Sunday, December 14, 2008

Gas Prices

Well, the high Bush-induced gasoline prices that we've all enjoyed over the past few years are plummeting in recent months. My local Arco clocks in at $1.61/gal. I filled up the other day (not at Arco, I'm boycotting them for personal reasons) and got change back from a twenty. Most Southern Californians are jumping for joy, but I'm not quite as excited.

According to the RTA, ridership has been experiencing record growth never before seen by the agency, in the 30 years that it's been running. You can blame most of that on the $4/gallon gas prices that had people fleeing from their Suburban Assault Vehicles in droves. Similar reasoning explains the growth in efficient cars (and the imminent failure of the Big Three), growth in carpooling, the approval of Proposition 1A (WOO!), and other developments that this author has been very, very happy about. Forcing Americans to actually start reckoning the cost that their transportation choices takes out on them is a Good Thing, and while most of that going into oil company profit isn't exactly a great outcome, at least it was a start. It got people thinking about alternative transportation. It got people TAKING alternative transportation. It got people off the damned freeways.
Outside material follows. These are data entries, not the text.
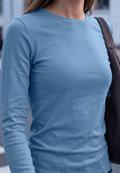 Basic Shirt in Unifarbe mit Rundhals loom blue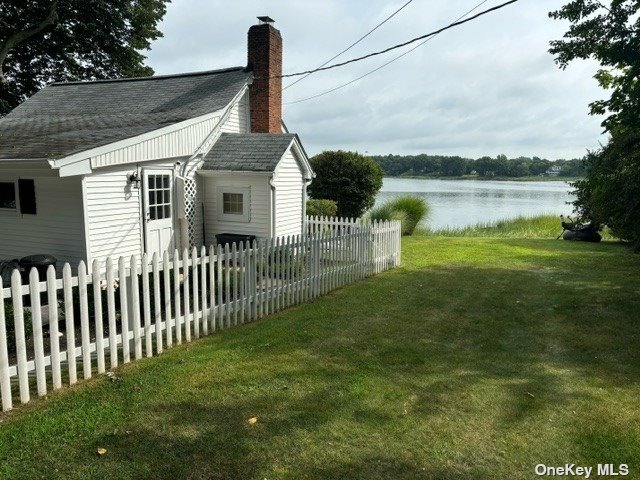 Foto del edificio - 49 Old Field Rd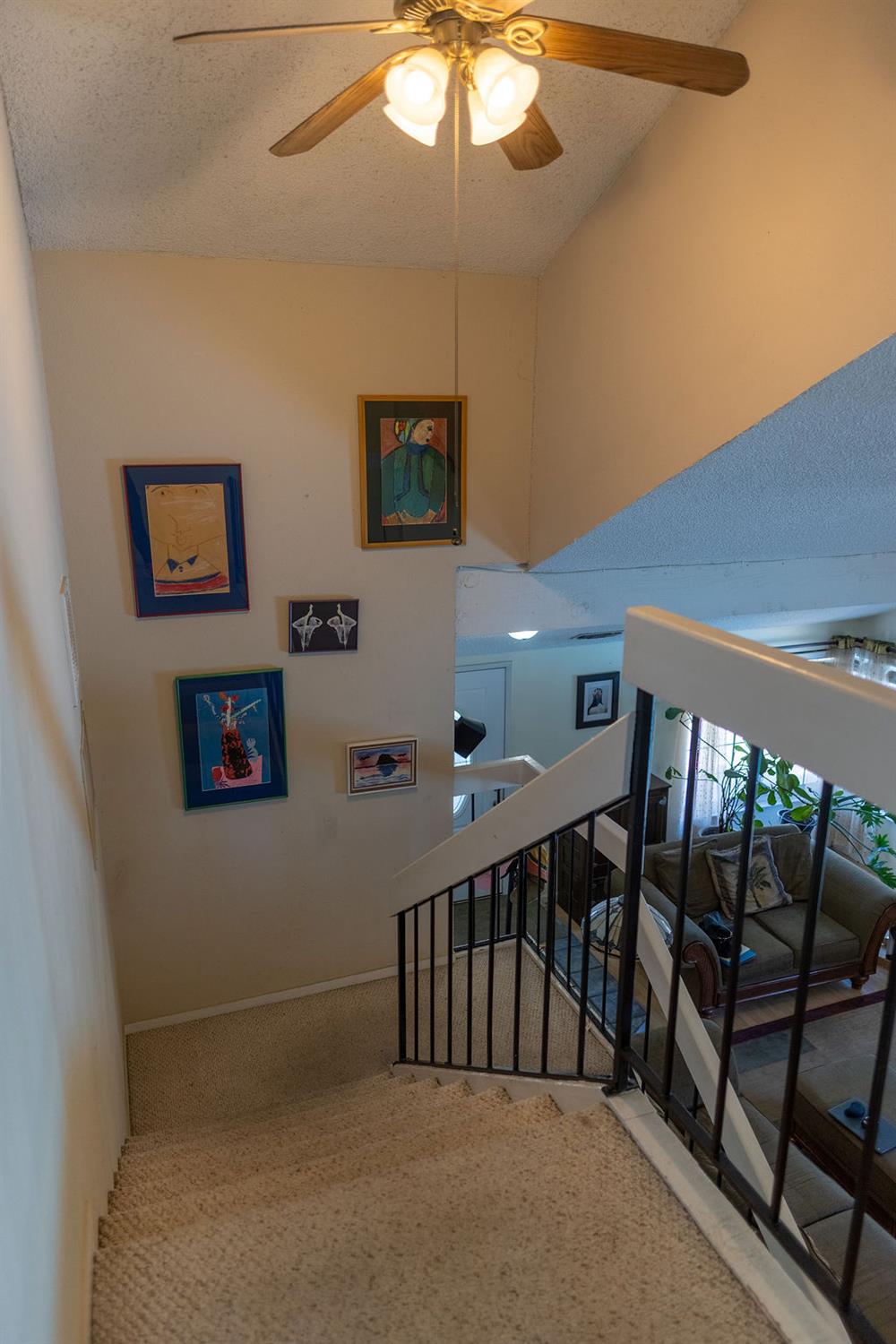Detail Gallery Image 26 of 36 For 6109 Tremain Dr, Citrus Heights,  CA 95621 - 4 Beds | 2/1 Baths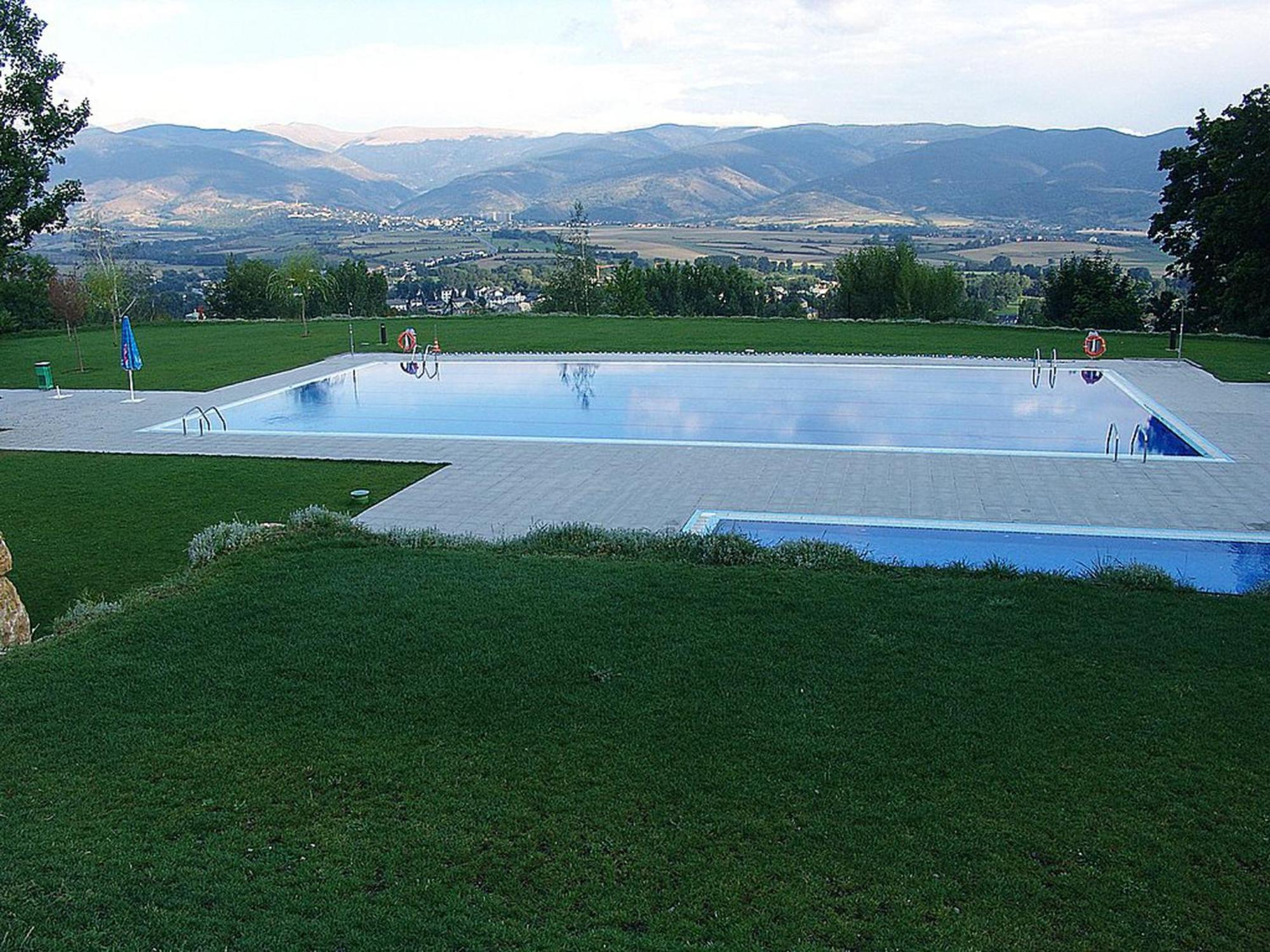 Hotel Campus Cerdanya Puigcerdà Exterior foto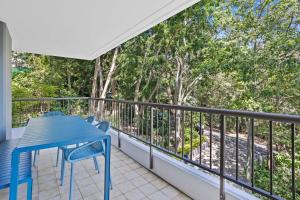 Burleigh Headland 2 Bedroom Stay, just a stones throw from the beach!
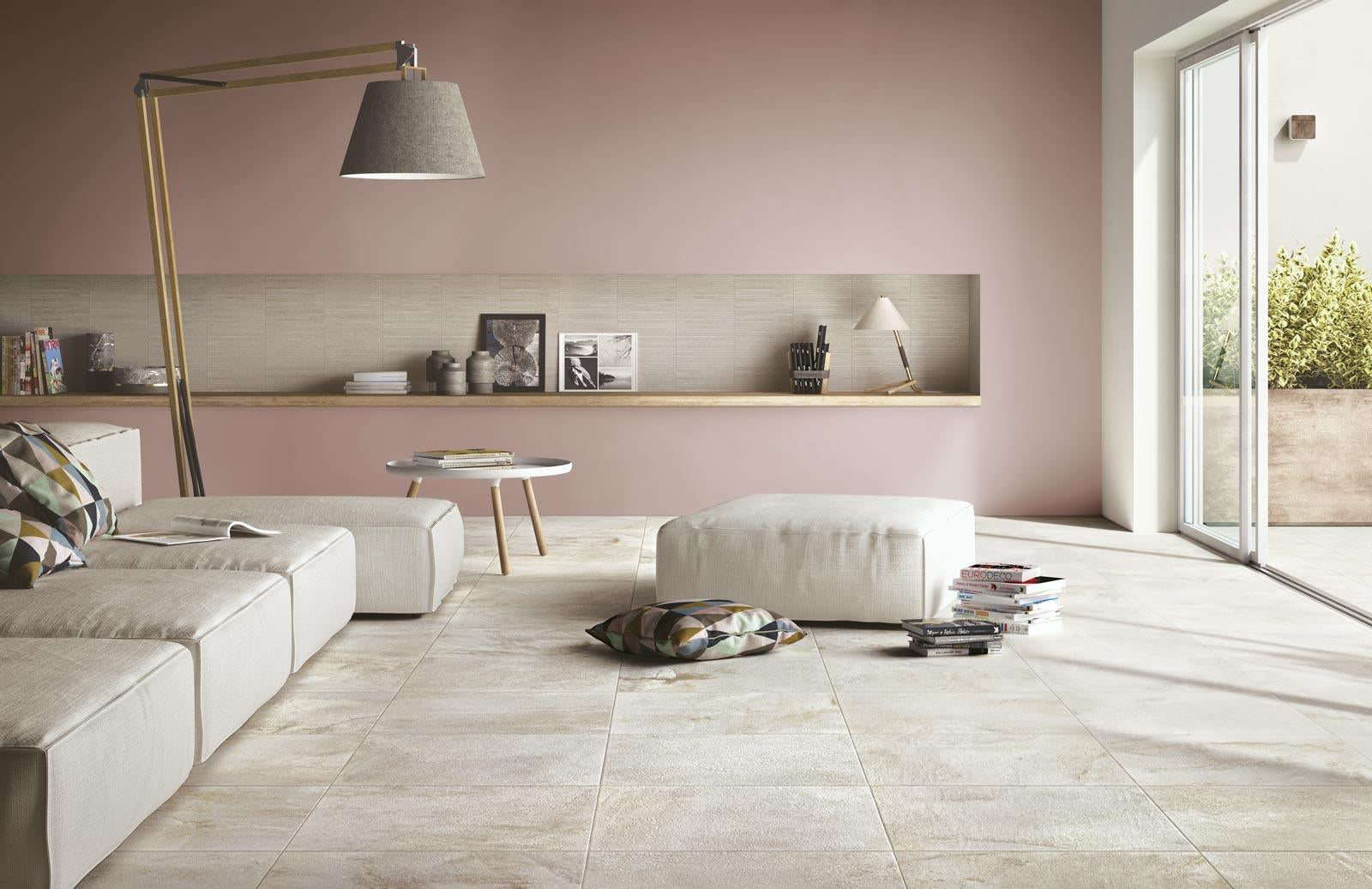 Pavimento rivestimento 20x20 da esterno strutturato bianco in ambientazione completa, vista d'insieme della stanza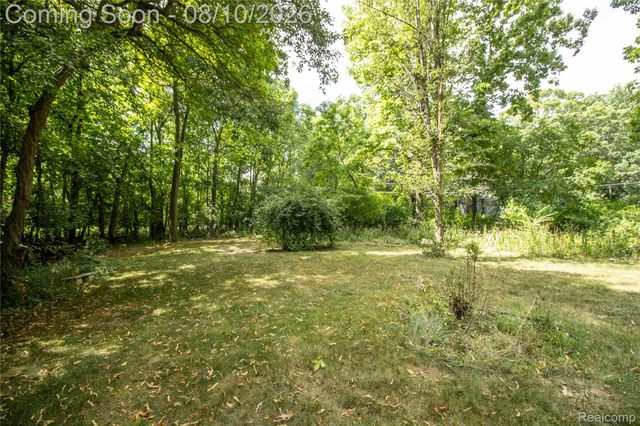 9302 Green Tree Drive, Grand Blanc Charter Township, MI 48439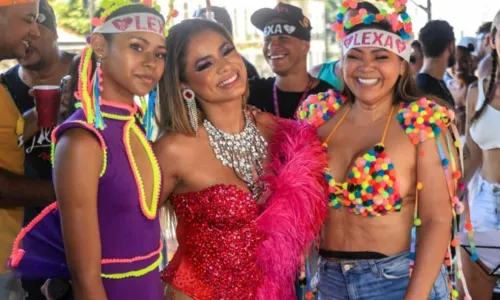 
				
					Lexa recebe Jojo Todynho e Gaby Amarantos em bloco de carnaval; veja fotos
				
				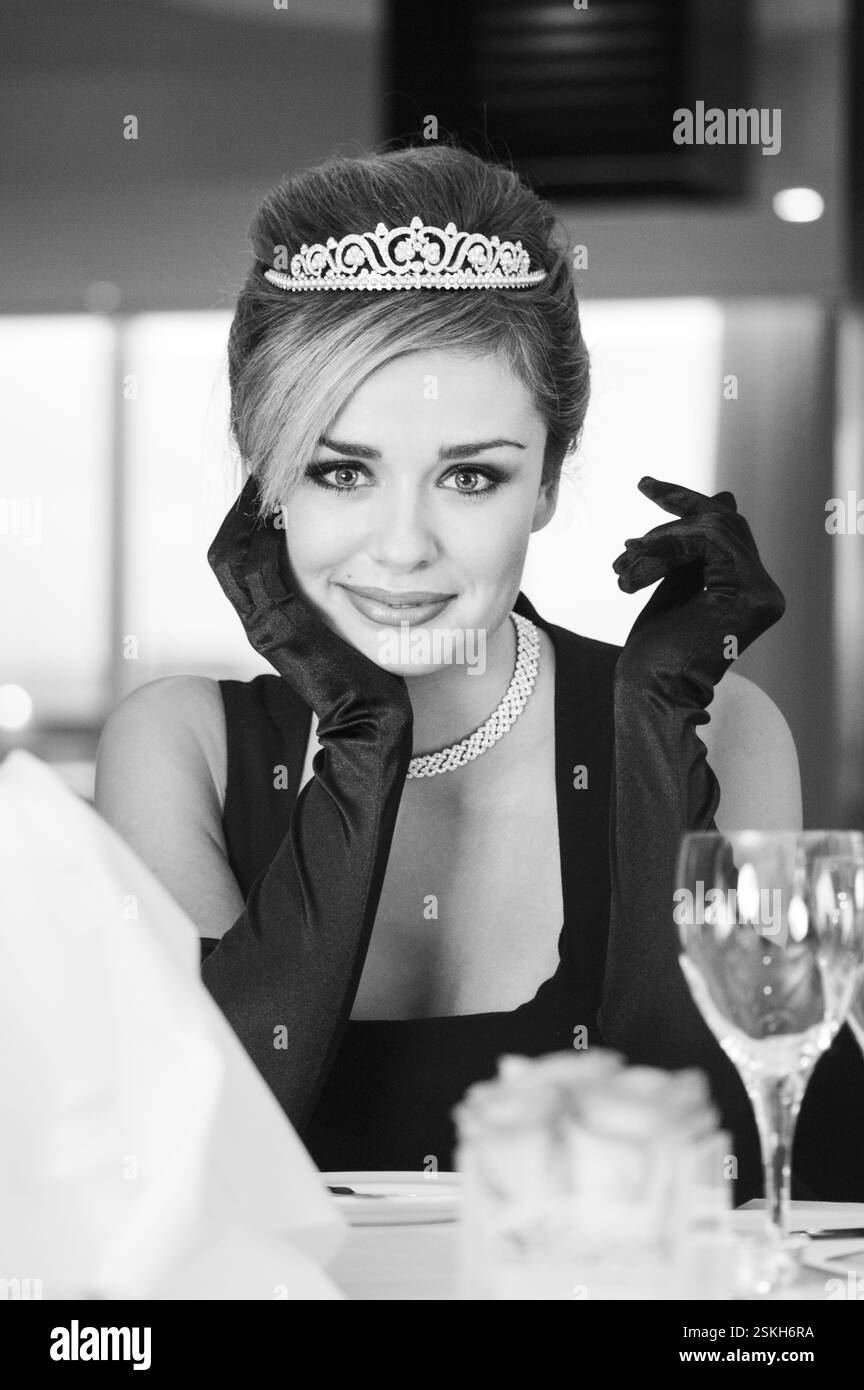 KATHERINE JENKINS, CINEMA ICON RITRATTO, 2005: Cantante d'opera e star della TV Katherine Jenkins che interpreta Audrey Hepburn nel ruolo dell'iconica Holly Golightly in Breakfast at Tiffanys, 24 ottobre 2005. Figura: ROB WATKINS. INFO: Katherine Jenkins è un mezzosoprano crossover classico gallese noto per la sua voce potente e le sue performance accattivanti. Salendo alla fama nei primi anni '2000, fonde opera, pop e musica tradizionale, ottenendo un ampio successo con album come Premiere e Living a Dream. Foto Stock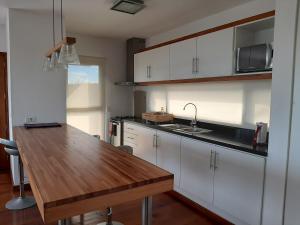 Majoituspaikan Delamar suites keittiö tai keittotila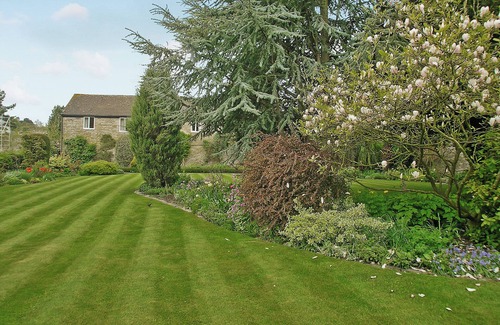 Kington Cottage | A lovely restored coach house only 300 yards from the centre of Kington.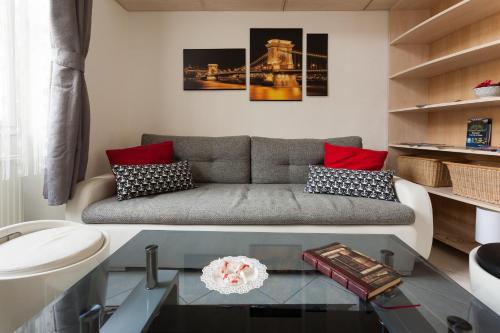 Feel at home Apartment 1061 Budapest, 25 Paulay Ede utca  kép - 3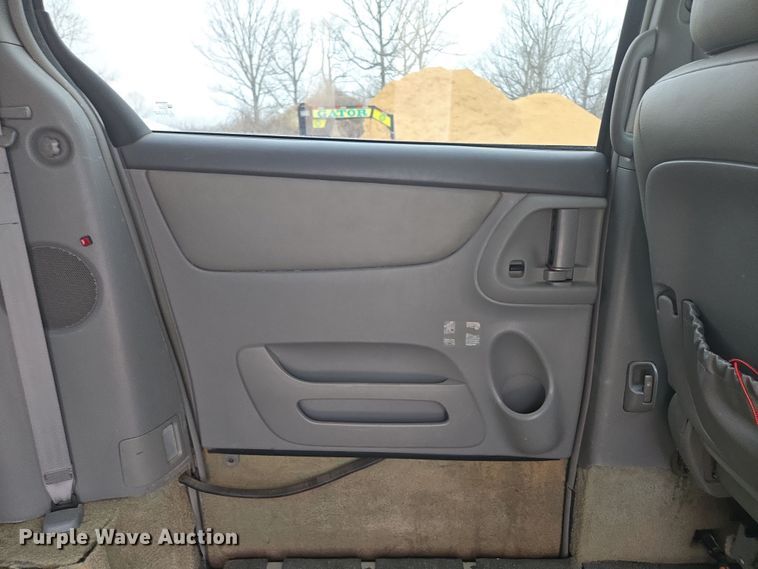 image for item EN3524 2004 Toyota Sienna LE handicap accessible van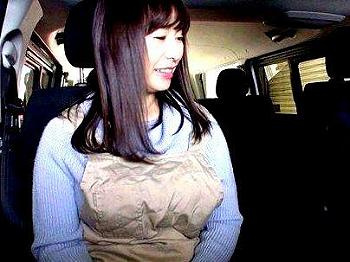 NTR：[エロ動画]＜不倫寝取られ！＞車でするの…♡？グラマラスボインおくさん！ドラレコ取られながら浮氣ファックしちゃうぞ(アダルト動画)の画像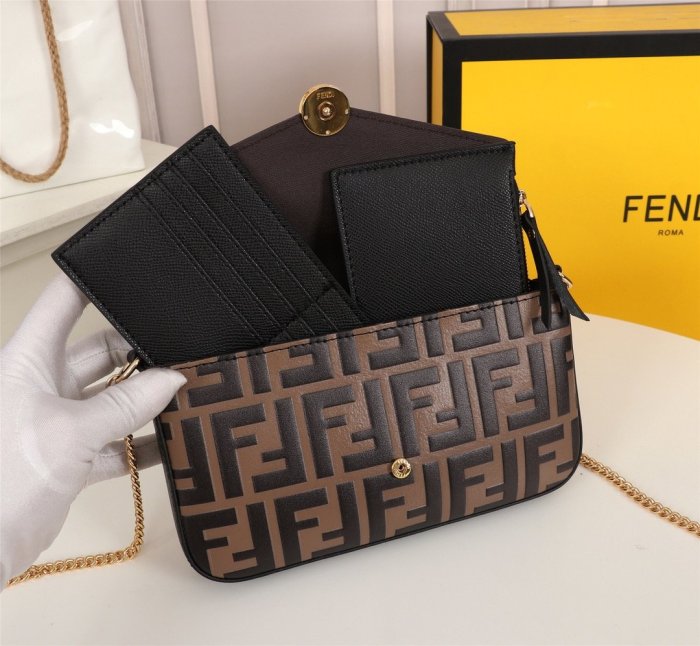 Fendi Womens Bag Crossbody Bag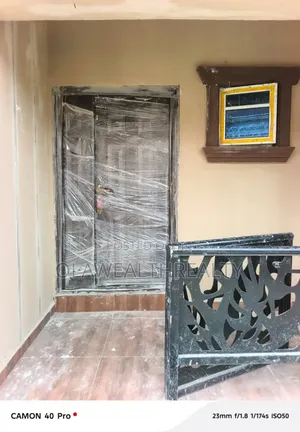 3bdrm Bungalow in Okebadan Estate, Akobo for rent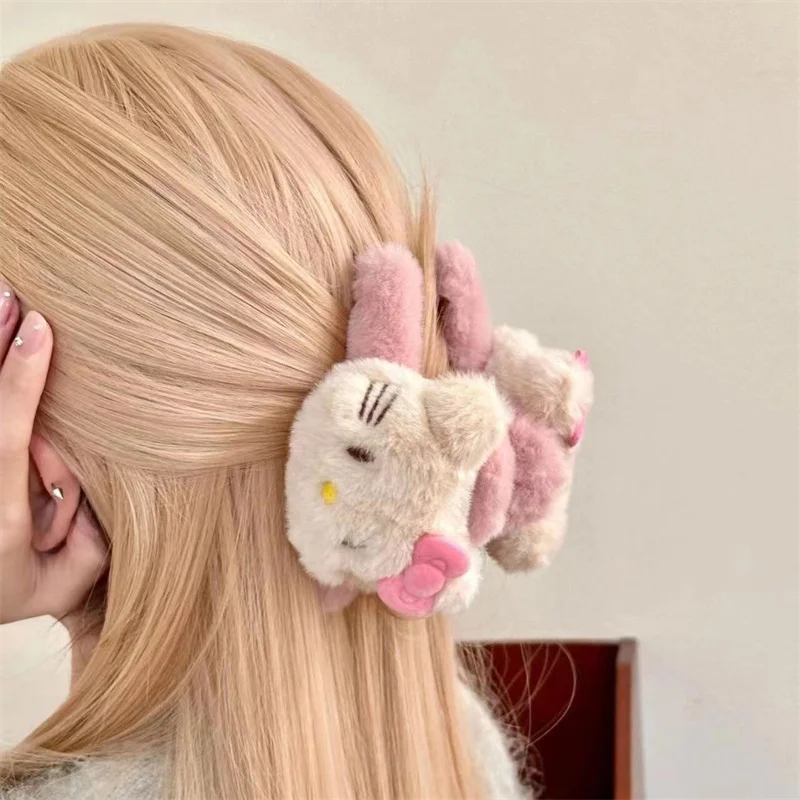 Sanrio Schattige Hello Kitty Pluche Haai Clip Anime Figuur Lief Meisje Haaraccessoires Cartoon Kawaii Retro Haarclip Vriendin Cadeau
And now the gas prices are going down. Guess what else is going to go down? That's right, ridership. And with the State contemplating cutting ALL transit funding, and sales tax revenue in the proverbial crapper, this leaves local transit agencies stuck with huge cost burdens. RTD in Sacramento was apparently considering cutting ALL weekend service. RTA has already slashed weekend service in Moreno Valley and other outlying areas (due to go in effect in January). If the new, cheap gas puts people back in their car, this will only further hurt transit agencies around the state, and only hurt our cause. People are always surprised at me, but I honestly wish the gas prices went back up to $3 or $4 a gallon. It's the only thing that'll get us out of our cars.

In fact, were I king for a day, the first policy I'd institute would be a tax on gasoline, of at least $1/gallon. It wouldn't apply to diesel fuel or commercial vehicles, so it would only affect personal transportation choices. Every dime of that tax would then become a dedicated funding source for public transit.
I would then be promptly lynched by a mob of angry Americans.